Molteplici studi dimostrano che, nonostante i divieti, i Paesi col divieto di aborto non registrano un numero di aborti inferiore rispetto agli Stati in cui ciò è legale. Molto spesso la proibizione dell’aborto porta invece ad un aumento del fenomeno, con conseguente aumento delle complicanze, delle ospedalizzazioni e delle morti (a causa della clandestinità dell’operazione). Uno studio del Guttmacher Institute, tra i più autorevoli in materia, mostra ad esempio che, negli ultimi 30 anni, nei Paesi che proibiscono l’aborto si è visto un aumento del 15% delle IVG clandestine, a dimostrazione del fatto che il divieto non cancella la domanda e la necessità di questo servizio sanitario.

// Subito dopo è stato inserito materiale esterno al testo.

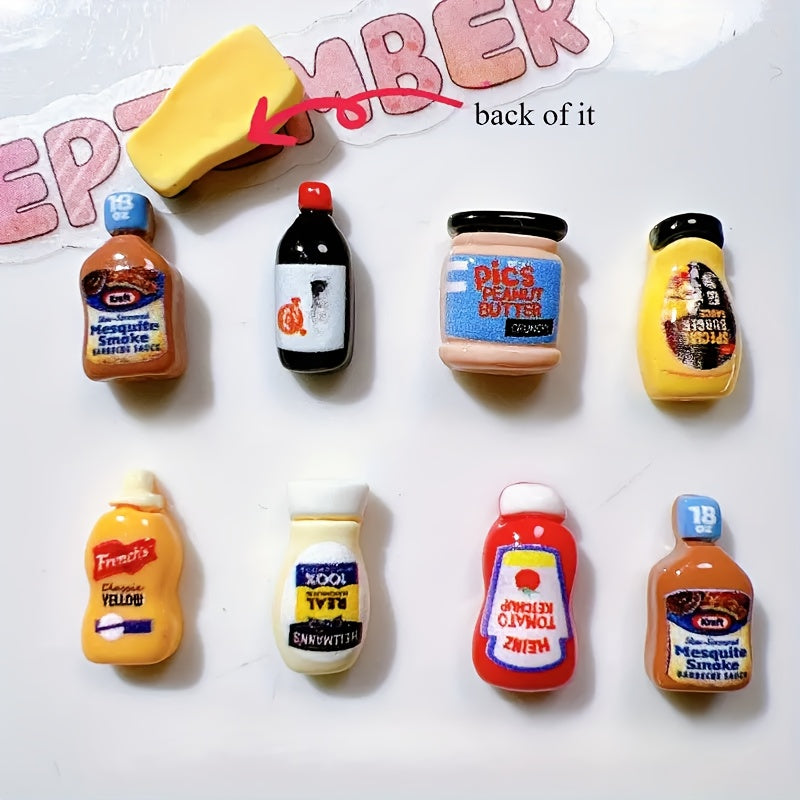7pcs Mini Sauce & Condiment Resin Models for Dollhouse Decor DIY Accessories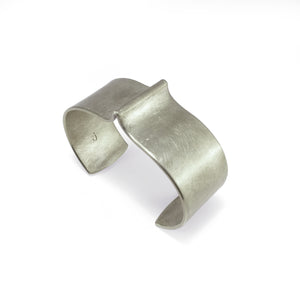 nishnabotna jewelry, wide brass furrow cuff bracelet with bend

Un altro studio dello stesso istituto mostra inoltre che, nei Paesi in cui l’aborto è illegale, le IVG interrompono il 39% delle gravidanze indesiderate, a fronte del 41% del resto dei Paesi; tuttavia, è da considerare che, negli Stati in cui l’IVG è illegale, il 79% delle gravidanze è composto da gravidanze indesiderate, a fronte del 59% dei Paesi che garantiscono l’aborto. Con questi dati, e calcolando che probabilmente un numero indefinito di aborti clandestini sfugge agli studi, si può affermare che si verificano più aborti nei luoghi in cui è vietato abortire. Ciò dimostra che, per disincentivare l’aborto, è più utile una legislazione aperta al tema, ed è necessario un sistema scolastico che fornisca alle studentesse e agli studenti un’adeguata educazione sessuale, che è invece più carente proprio dove l’aborto viene vietato.
In conclusione, l’aborto, se praticato legalmente, è una pratica medica completamente sicura, con radici storiche profonde e di fondamentale importanza per la vita delle donne. Vietarlo, come dimostrato, non porta altro che danni, ed è pertanto necessario superare ogni logica moralista e patriarcale nel giudizio della vita sessuale delle donne. L’aborto è uno strumento da considerarsi fondamentale per la salute delle donne, che può salvare delle vite (ricordando che non ne distrugge, in quanto l’aborto non è un omicidio) e può portare ad una società più giusta ed egualitaria, in cui le donne possano decidere liberamente e consapevolmente cosa fare del proprio corpo.